Statements like that aren’t lost on Kawerak’s Marine Advocate Austin Ahmasuk. He pays close attention to those international tensions as he studies shipping traffic and activity in the region. 

“I think what’s perhaps playing out, is a little bit of rhetoric between countries that are kind of escalating hot political topics, such as, security interests, national defense, that kind of thing. I don’t think that we in the Arctic want to be in the middle of an arms race or political stage playing that puts us in jeopardy. Of course, we have to work internationally, as much as possible to ensure that peace occurs in the Arctic.”

– Austin Ahmasuk

Ahmasuk says, the Coast Guard and U.S. military have been destructive toward Alaska Native people many times. As one example, he points to the military’s history of leaving toxic waste in the Arctic. 

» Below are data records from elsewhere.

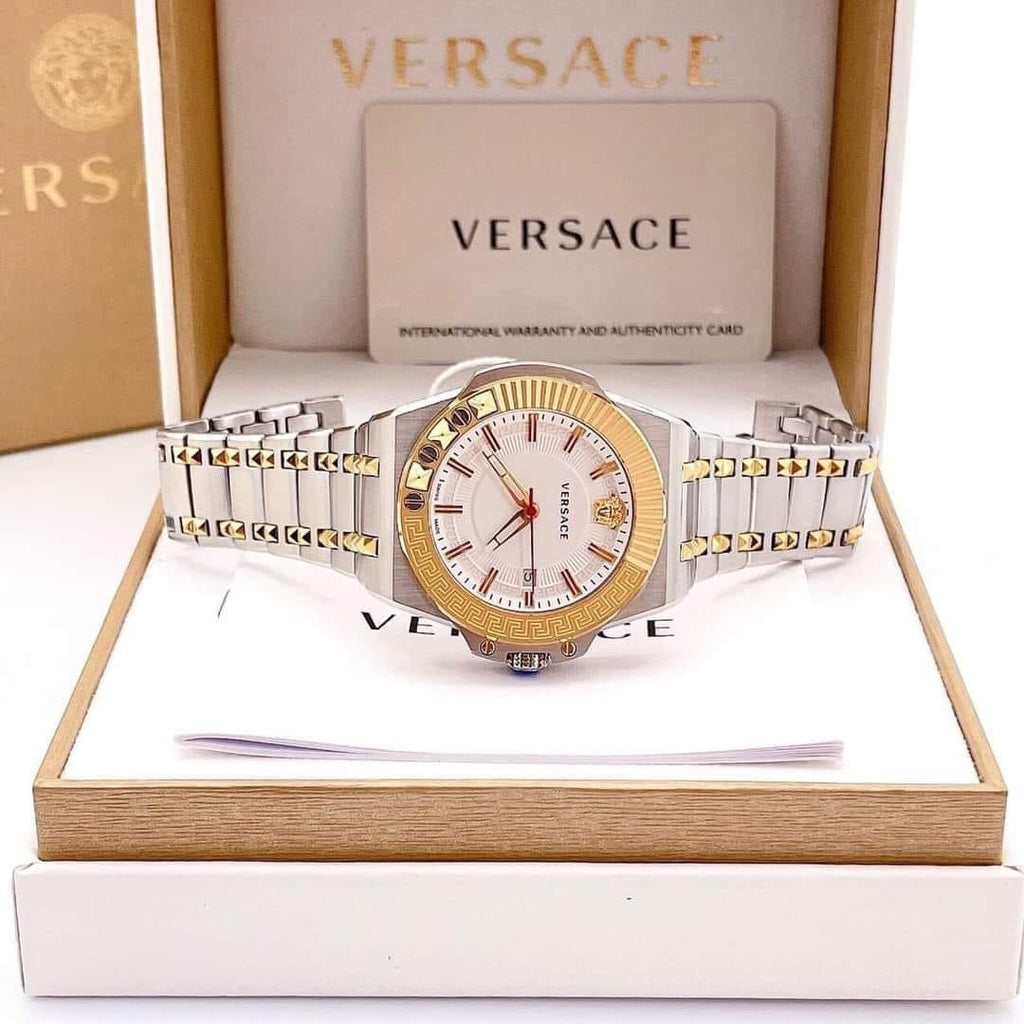 Versace Chain Reaction Quartz White Dial Two Tone Steel Strap Watch for Men - VEDY00519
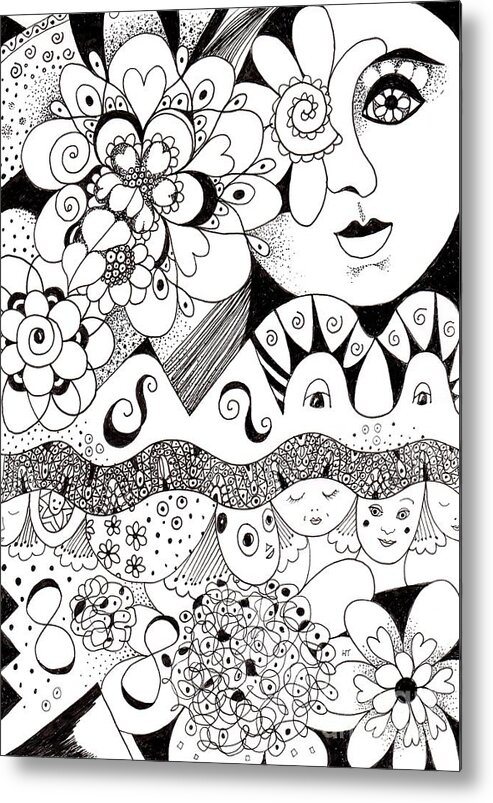 Dreaming By Helena Tiainen Metal Print featuring the drawing Dreaming by Helena Tiainen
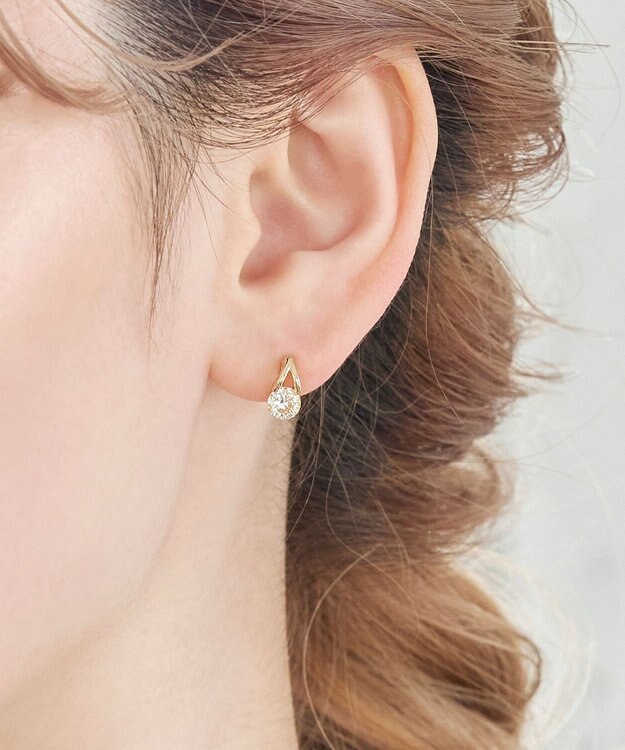 Phoebe 【金属アレルギー対応】【痛くないシリーズ】ルーセントビジューライトフィットイヤリング　ローズゴールド ローズゴールド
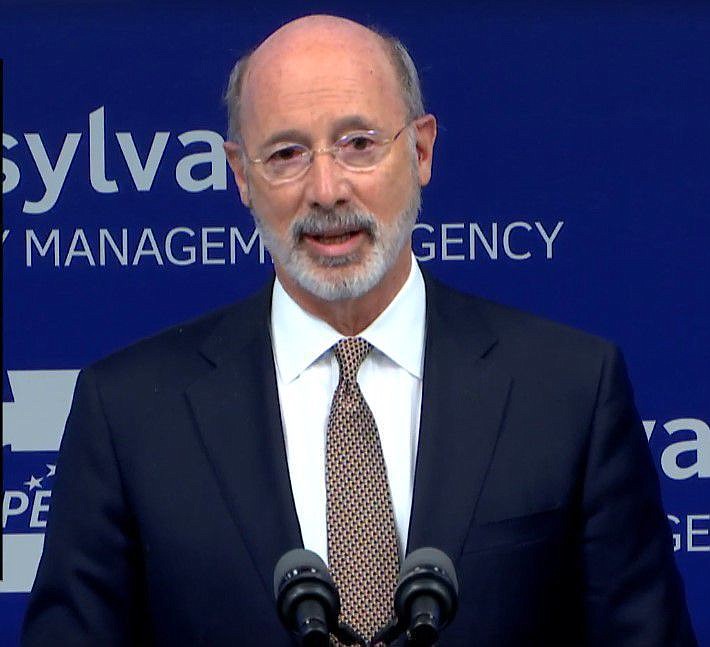 Gov. Tom Wolf delivers a speech on April 20. 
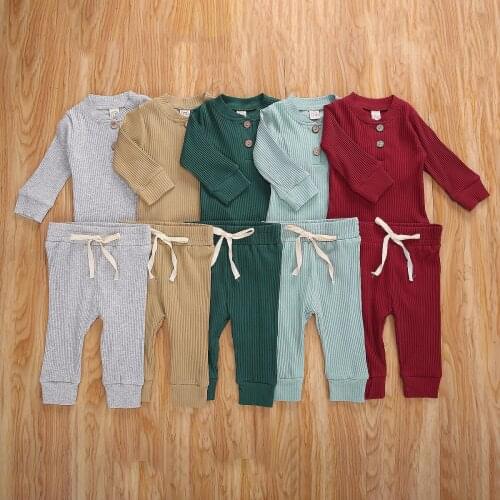 2020 Newborn 0-3M Baby Boy Girl Casual Clothing Set Fall New Knited Solid Color Button Long Sleeve Romper Top+Long Pants 2pcs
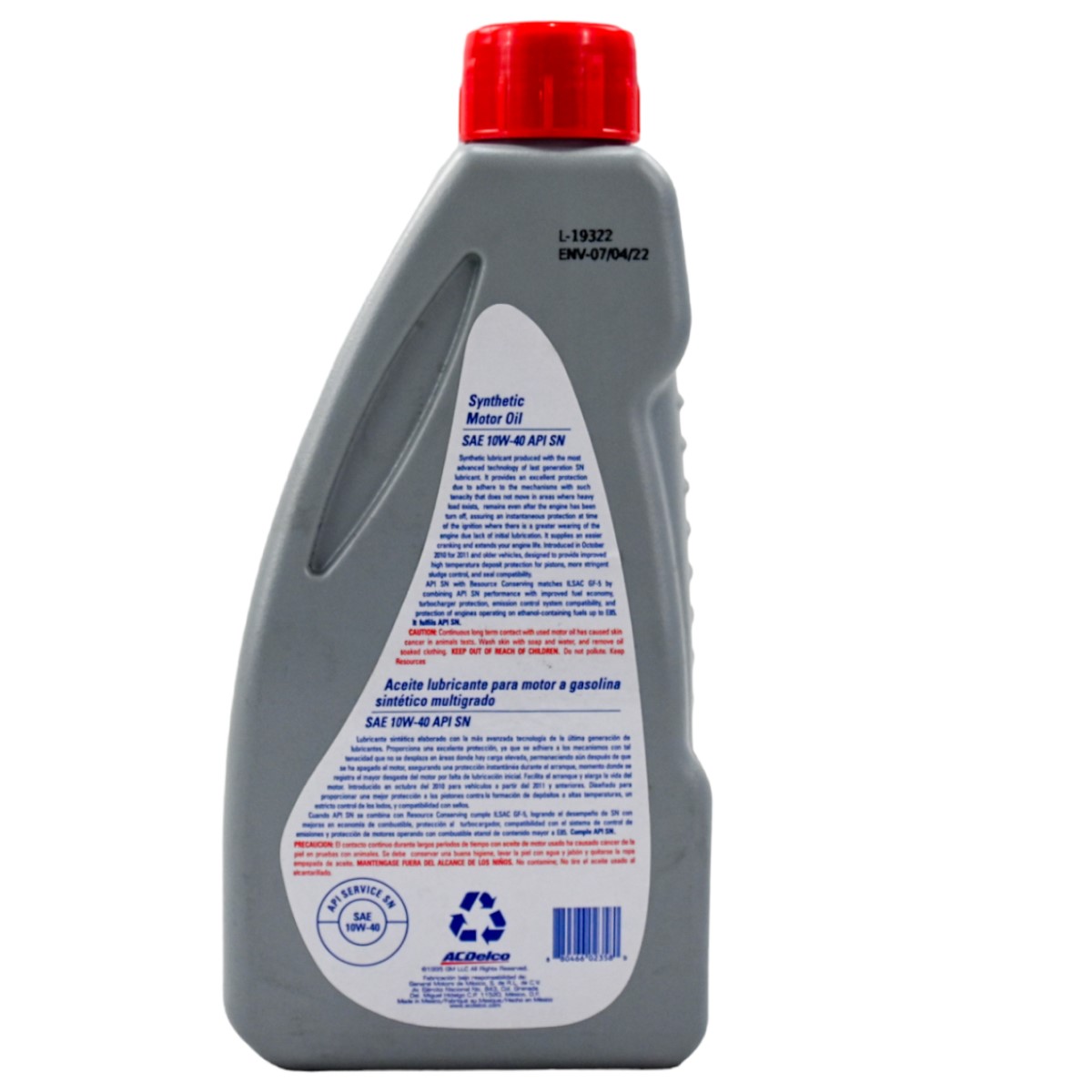 Aceite lubricante para motor a gasolina sintético multigrado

Even the Healy’s namesake, Captain Michael Healy was partially responsible for the destruction of the Tlingit village of Angoon in 1882. While U.S. Naval Commander Edgar C. Merriman is often cited as the primary officer who gave the order for the bombardment, historical documents do show that Healy, as captain of the Thomas Corwin, did participate in the bombardment.

But as temperatures rise, Ahmasuk recognizes the undeniable increase of traffic in the Arctic waterways. And he’s hopeful that trips like the Healy’s upcoming Northwest Passage journey could be a chance for communication between federal agencies and Indigenous people.

“I hope that the Coast Guard can learn from our communities, and compare how our communities contrast, [and] how our communities might be involved in this new era — this relatively new era that we’re trying to figure out now.”

UAF Professor Bouffard explains that this trip is meant to be primarily for research and learning.

“I hope this does become a pattern for research and for other means and collaborations and learning about the environment and working together because the US Coast Guard and the Canadian Coast Guard have completely different statutory requirements. For example, the US Coast Guard has a law enforcement function, especially with regard to international law, whereas Canada doesn’t. There’s a lot to learn from each other in that way.”

– Professor Troy Bouffard

And he said there is still much to be studied and surveyed in the Northwest Passage.

According to Coast Guard documents, the trip will be primarily observational. And pending approval from Canadian officials, it will allow for some onboard scientists to do some “passive research”.

The Coast Guard does plan to do some undefined operational exercises in Baffin Bay after embarking from Nuuk, Greenland. 

Right now, Nome’s Harbormaster Lucas Stotts doesn’t have any official word on whether the U.S. Cutter Healy will dock in Nome. 

But according to the Coast Guard, the voyage plans to begin in mid-August from Dutch Harbor and finish by mid-September in Nuuk. Plans have not yet been decided for the timing or route of the USCGC Healy’s return voyage to its homeport in Seattle, Washington.

Image at top: The Coast Guard Cutter Healy breaks ice in the Nome Harbor Jan. 13, 2012. Photo: U.S. Coast Guard.